Selecting the breeding stock

Yearly selection is carried out in order to keep the best individuals for breeding stock and choose the animals that do not, for one reason or another, fulfil the criterion, for culling. Largely this selection process depends on the subjective judgement of the sheep farmer and with the experience the farmer will gain an eye for selecting structurally good sheep. This selection would indeed be very simple if every time a first-class ewe impregnated by a first-class ram would result in first-class lambs. As it is not quite as simple, some tools have been developed in order to make selection easier. These tools include subscribing to the national monitoring programmes and making the most of the data made available, using ultrasound to measure the ribeye muscle on four months old lambs and making the most of the structural evaluations done in livestock sales.

National monitoring programmes

National monitoring plays a central role in the breeding process of mutton breed. The reports produced allow monitoring of the productivity of both your own flock as well as other flocks within the monitoring network. Years of research and breeding together with modern efficient data analysis allows the use of mathematical indices for describing the breeding value of the ewe as well as the newborn lamb. In sheep production monitoring, data is collected for each animal on a yearly basis for breed and pedigree information, lambing, complications and eliminations. For the breeding process, it is important to make sure the lambs are weighed at the right stage and that the data is then sent as soon as possible for analysis. The lambs are weighed at three days (birth weight), six weeks (42 days) and four months (120 days). Based on the weight at four months, ultrasound measurements, the sex of the lamb, its pedigree and the breeding data of the previous years, so called BLUB-index is calculated for each lamb. For a sheep raised for breeding purposes this index has to be minimum 100, criterion being more strict for rams than for ewes.

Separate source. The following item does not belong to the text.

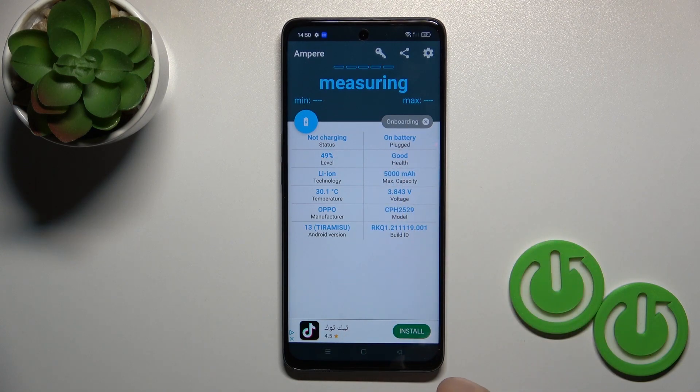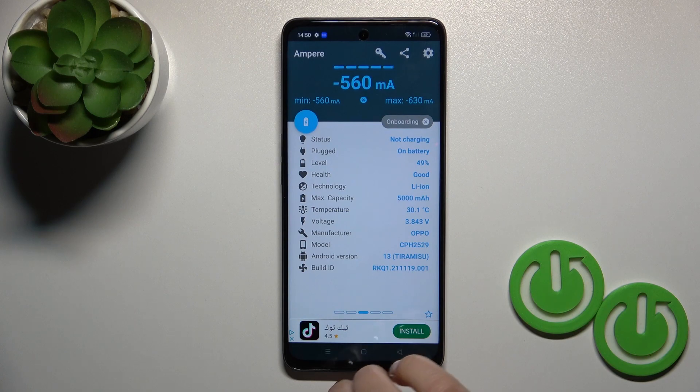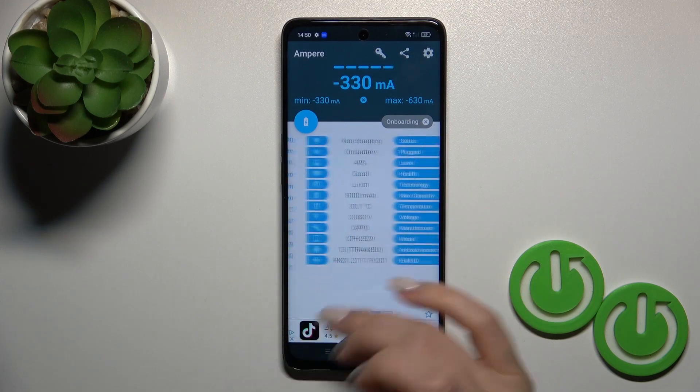Now we can see information about our battery health, and in my case the battery is in good condition. We also get more information like battery health, capacity, voltage, software version, and more.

The ultrasound measurements

In 1997 we joined a national project which aimed at improving the muscularity of the livestock by measuring every year ribeye muscle thickness and the depth of the back fat layer on four months old lambs by using ultrasound equipment. This data allows the calculation of muscularity index, mutton production index, fat index and EUROP index (live animal muscularity class). According to our experience these measurements have made animal selection easier and given a good base for breeding leaner and more muscular sheep.

Disease control

To maintain the good state of livestock health in Finland there are national monitoring programmes for monitoring and controlling the most serious and contagious sheep diseases. Our farm takes part in scrapie monitoring programme and in the Maedi-visna -prevention programme and we have the highest health status for these diseases. In recent years Orf infections have rapidly increased in Finnish flocks, and we also had our first Orf infection in spring 2015. Even if the flock is symptomless, can animal still be a carrier of the disease, and thus the infection risk remains

The genetic richness in the breeding flock is ensured by importing new animals from other EU-countries every now and then. We have carried out our imports by following the rules and regulations set by the goverment (Evira) and the Unit of animal disease control (ETT). Our latest import was from Latvia and there we gained two new Oxford Down ram pedigrees P and R to Finland.